━━ Record extracts ━━

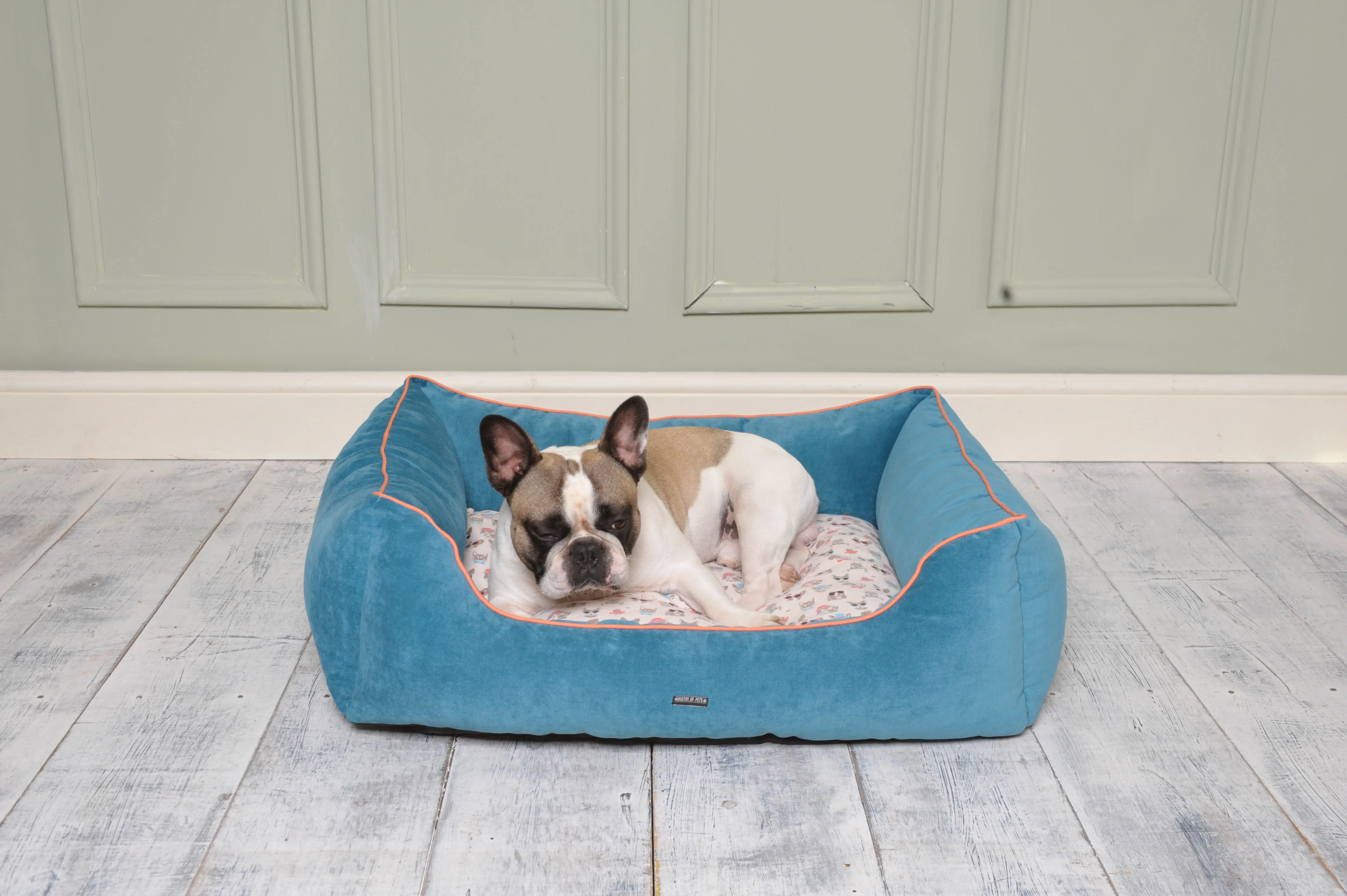 Ministry of Pets Blue Printed Dog & Cat Sofa Bed - Image 2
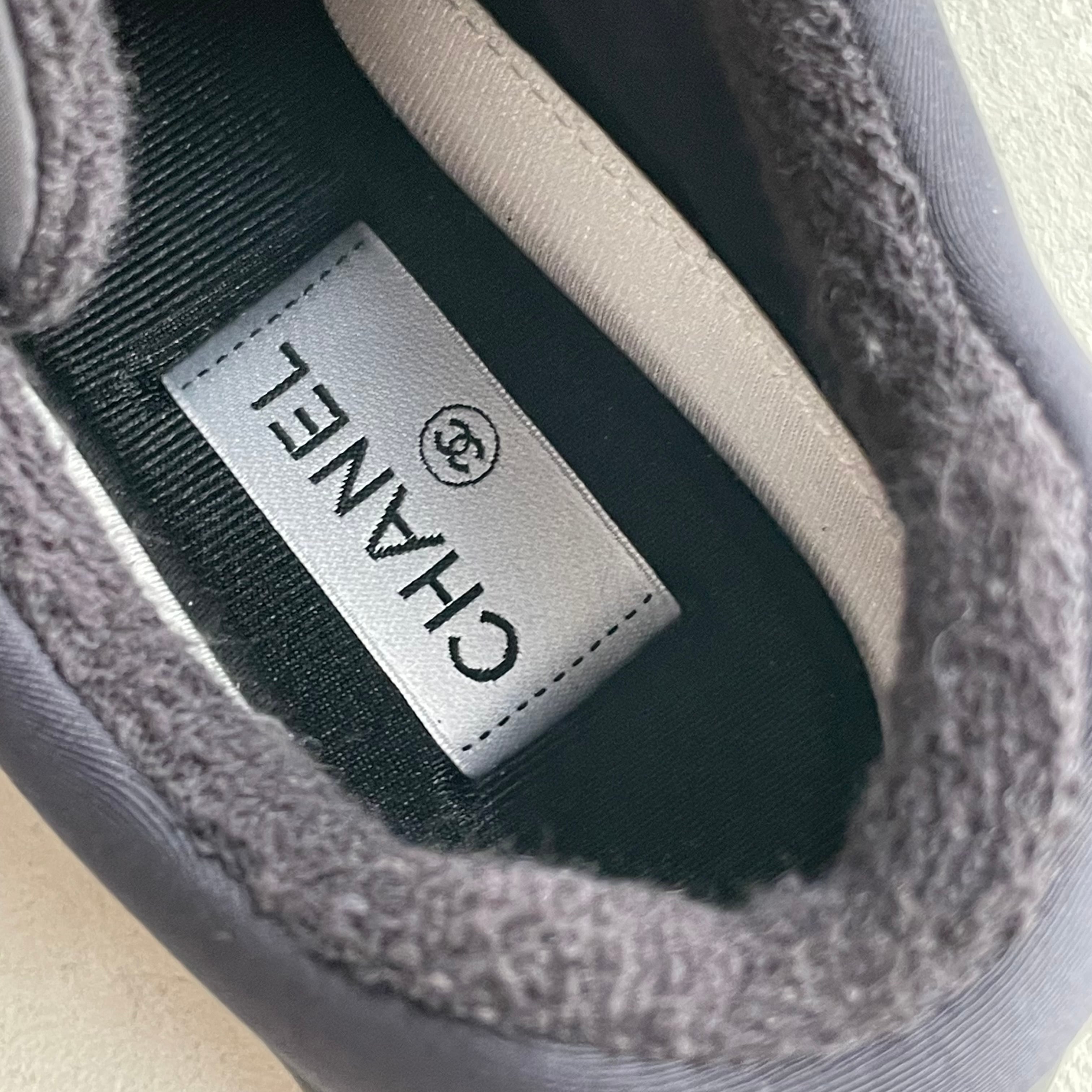 CHANEL/G34360 leather sneaker BLK dead stock size38 | Seek the online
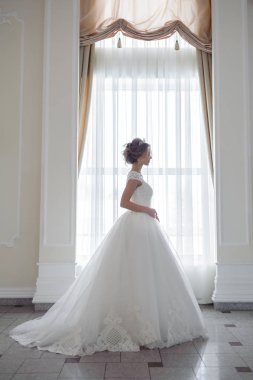 bir gelinlik büyük bir avize ile lüks bir beyaz odada güzel gelin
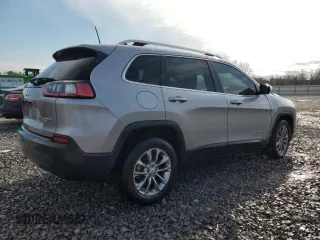 2020 Jeep Cherokee Latitude Plus with VIN 1C4PJLLB0LD614764, listed as a Copart auction lot 45201255 with 88,295 mi miles and Salvage Title. Bid and sale history available at carsss.com. Image 3.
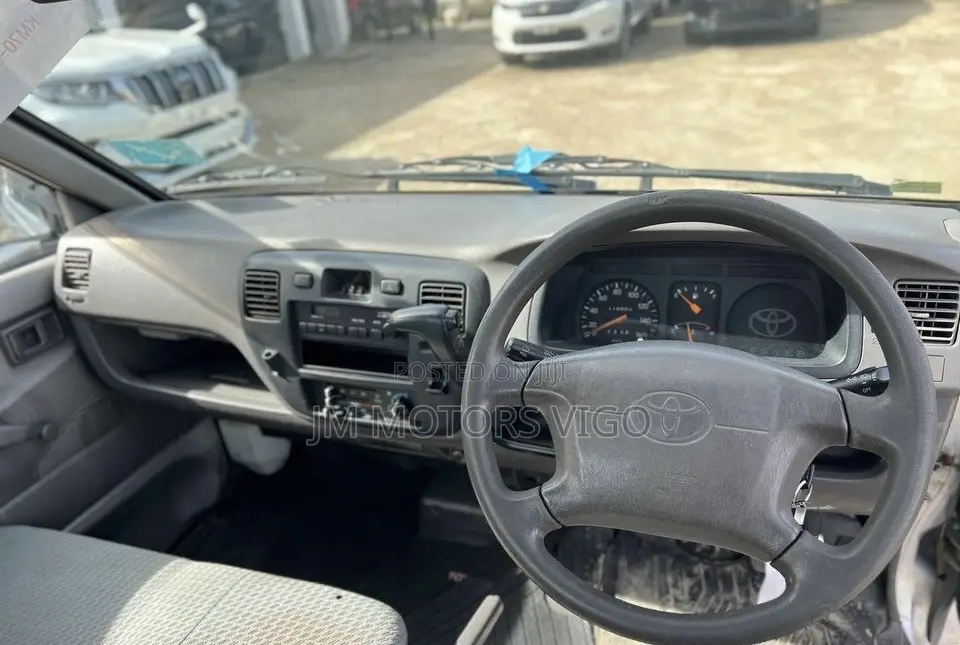 Toyota TOWNACE Pick-Up Silver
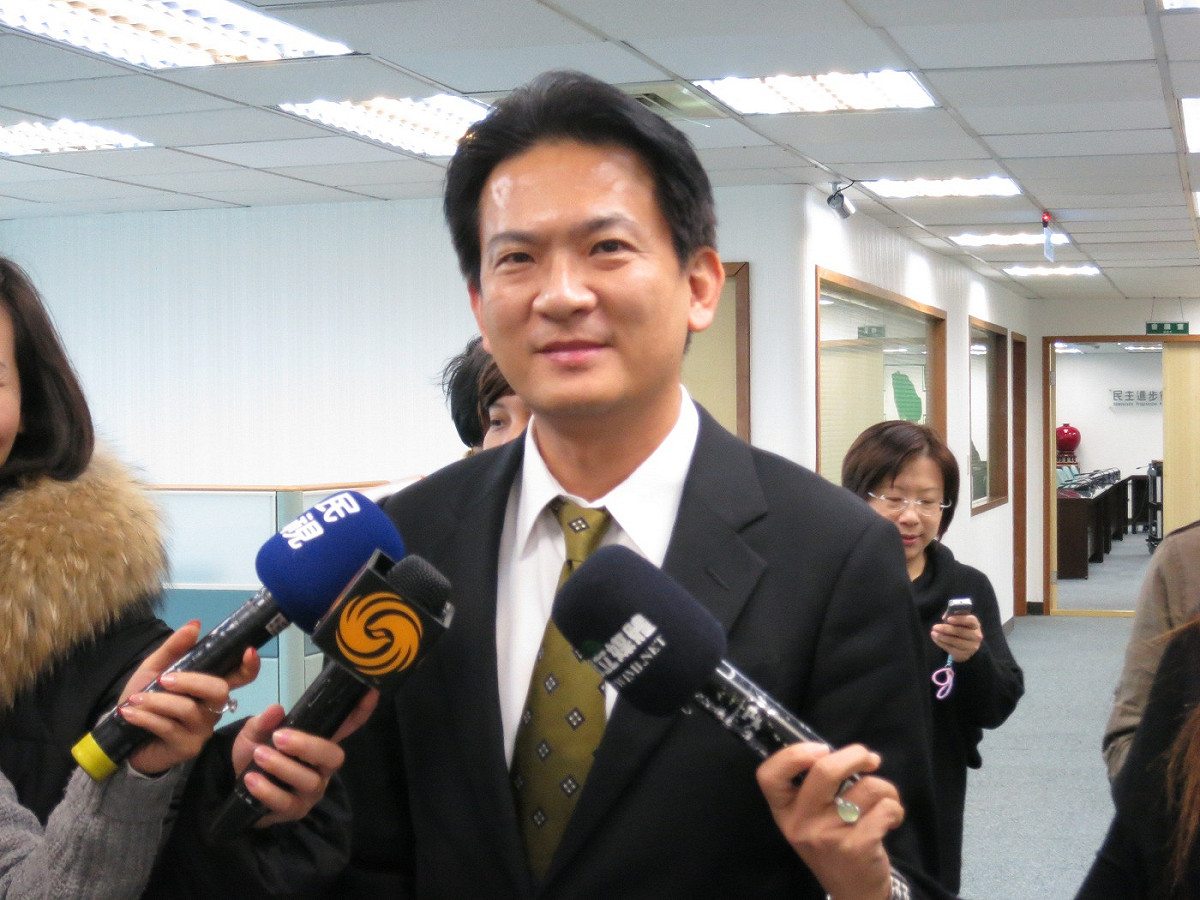 民進黨發言人林俊憲認為，核四廠應對國人開放，不是只給藍民嘴參觀。圖：新頭殼資料照片。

━━━

About this exercise – Please write out the material from the line containing "CHANEL/G34360 leather sneaker" to its final line, both inclusive, exactly as it appears; pictures are not part of the copy.

Result –
 CHANEL/G34360 leather sneaker BLK dead stock size38 | Seek the online
 bir gelinlik büyük bir avize ile lüks bir beyaz odada güzel gelin
 2020 Jeep Cherokee Latitude Plus with VIN 1C4PJLLB0LD614764, listed as a Copart auction lot 45201255 with 88,295 mi miles and Salvage Title. Bid and sale history available at carsss.com. Image 3.
 Toyota TOWNACE Pick-Up Silver
 民進黨發言人林俊憲認為，核四廠應對國人開放，不是只給藍民嘴參觀。圖：新頭殼資料照片。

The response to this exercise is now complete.